Copy out the listing in full, exactly as written, but not its pictures.

* [PROVIDED MATERIAL]
※ ※ ※

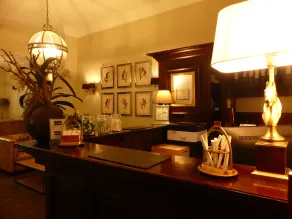 The Ascot Hotel - Réception
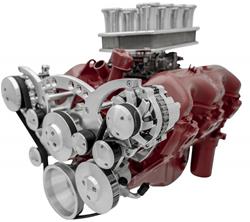 March Performance Revolver Serpentine Conversion Kits 21355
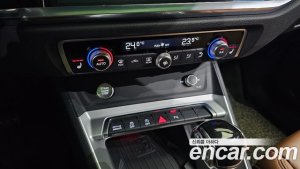 Audi Q3 35 TDI Premium 2020 года из Южной Кореи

※ ※ ※

* [RESULT FOR THIS EXERCISE]
 The Ascot Hotel - Réception
 March Performance Revolver Serpentine Conversion Kits 21355
 Audi Q3 35 TDI Premium 2020 года из Южной Кореи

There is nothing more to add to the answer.